Even in this case, we did reproduce and acknowledge the issue. In this case though, the cause is very low level and is not simple to fix. The person who submitted it, has given a publication date. We have therefore a target date before which the issue must be fixed. In fact, most CVE reports have a release date set, before which the software company can fix the issue. The date has not yet come to pass.
You've had close to a year to work on a fix...
The matter way reported to you last year but from what I am seeing, you did not do much about it and it's only since the threat of Mikrotik being "outed" on a live stream that can be seen around the world, that you are doing something about it.
What if some kid who can't get a date on a Saturday night figures this out by himself and starts letting his or her script loose before 9 April, "just because they can" ?

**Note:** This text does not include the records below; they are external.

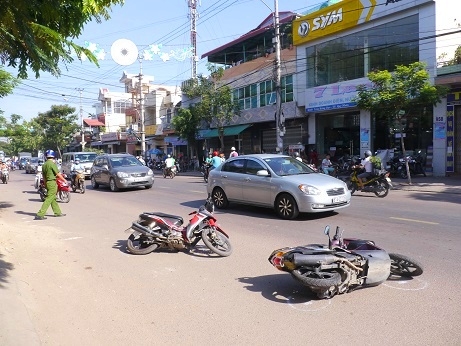 Xe m&aacute;y nằm la liệt sau vụ tai nạn. Ảnh: D.T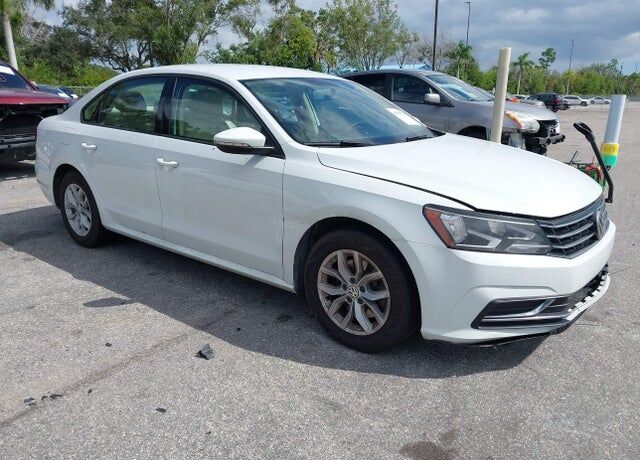 2018 VOLKSWAGEN Passat
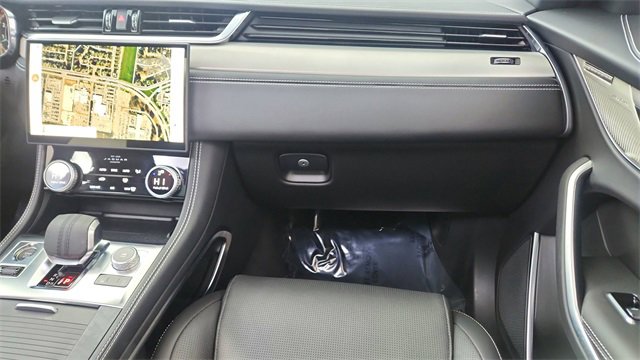 Used 2025 Jaguar F-PACE R-Dynamic S image 36
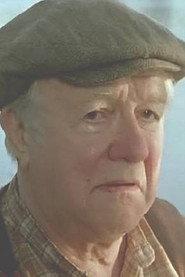 Raymond Gil as Fernande in Pigalle 1995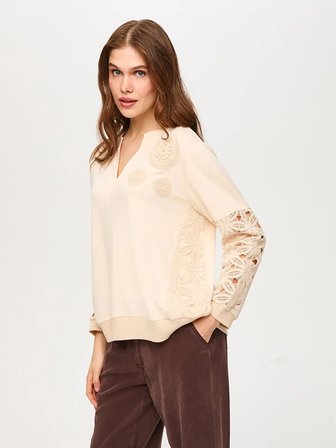 Kroşe Dantel Garnili Patch Detaylı Kaçık Yaka Sweatshırt S26SWT001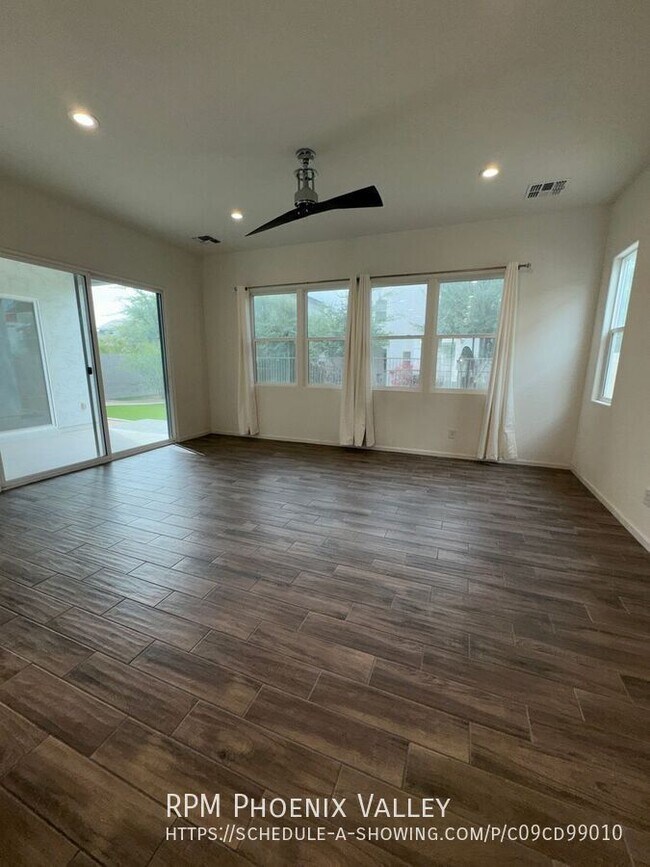 Building Photo - 383 N 157th Ln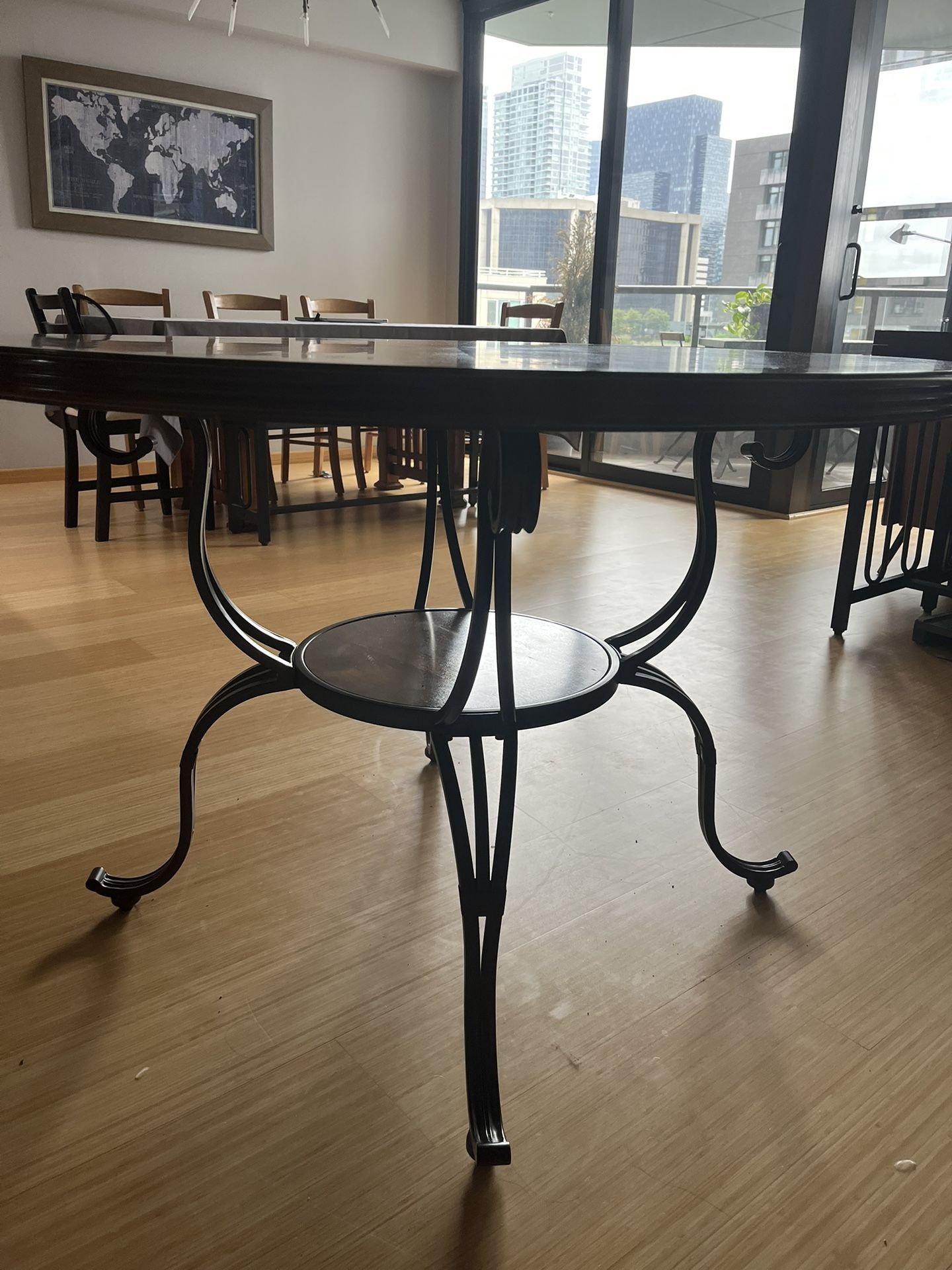 Free Table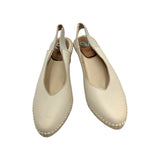 Vista frontal del escote en V del zapato salón tipo alpargata de marca Salvi.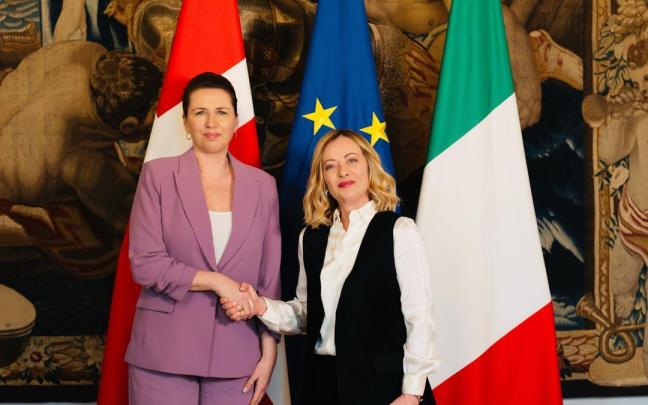 La primera ministra italiana, Giorgia Meloni, y su homóloga danesa, Mette Frederiksen.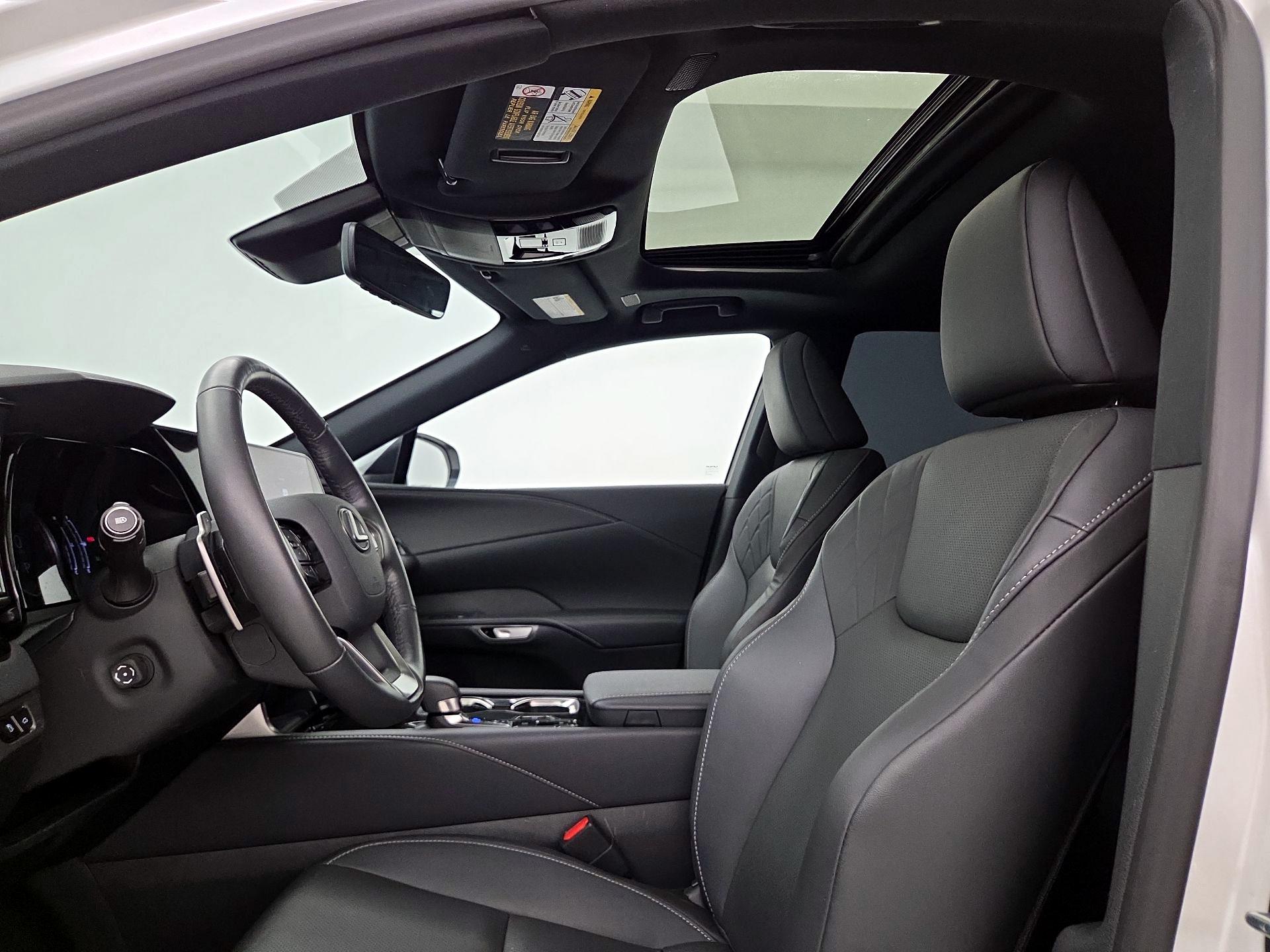 Thumbnail: 2024 Lexus RX - 19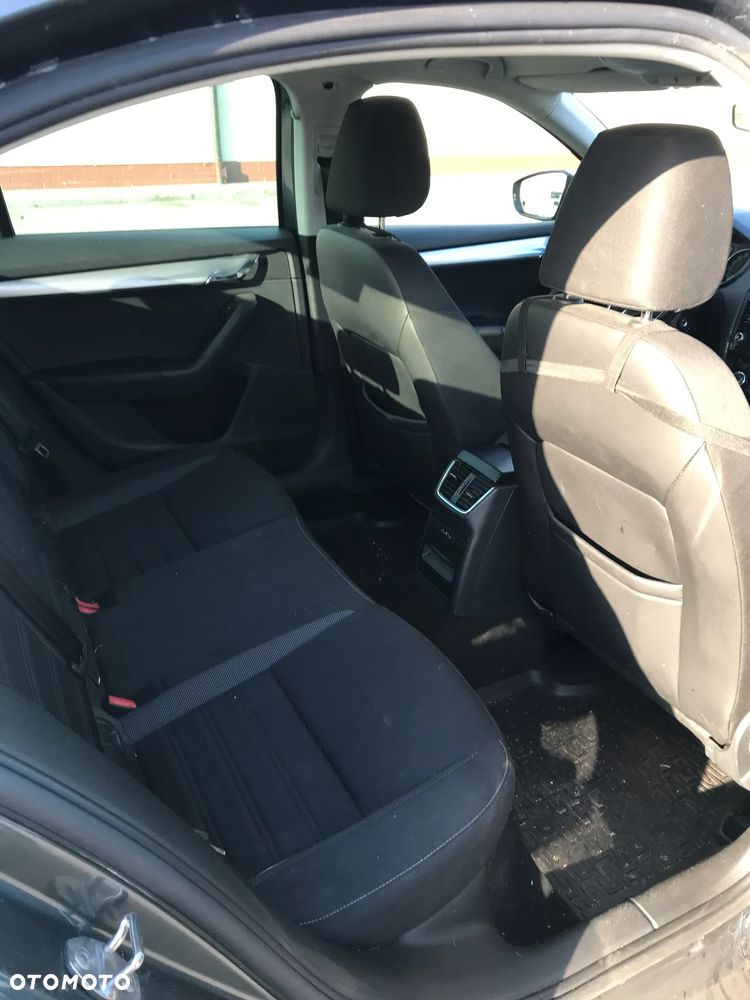 Skoda Octavia 1.6 TDI Ambition - 12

This is a very serious issue that needs to be addressed as a matter of urgency. There are ISPs out there with tens of thousands of routers that need to be patched. It takes us between a week and 10 days to roll a RouterOS update out over our network. We have less than 10,000 customers. How is a company with 50,000 hAPs in the field going to do this within the time frame?
On 2 April I have two choices:
Either roll out a patch, or
/sy package print
/sy package disble ipv6
I run what could very well be the largest IPv6 network in South Africa. Disabling IPv6 would be very unfortunate. We're already not using Mikrotik for new wireless installationsd. It would be sad if we also stopped using Mikrotik for routing.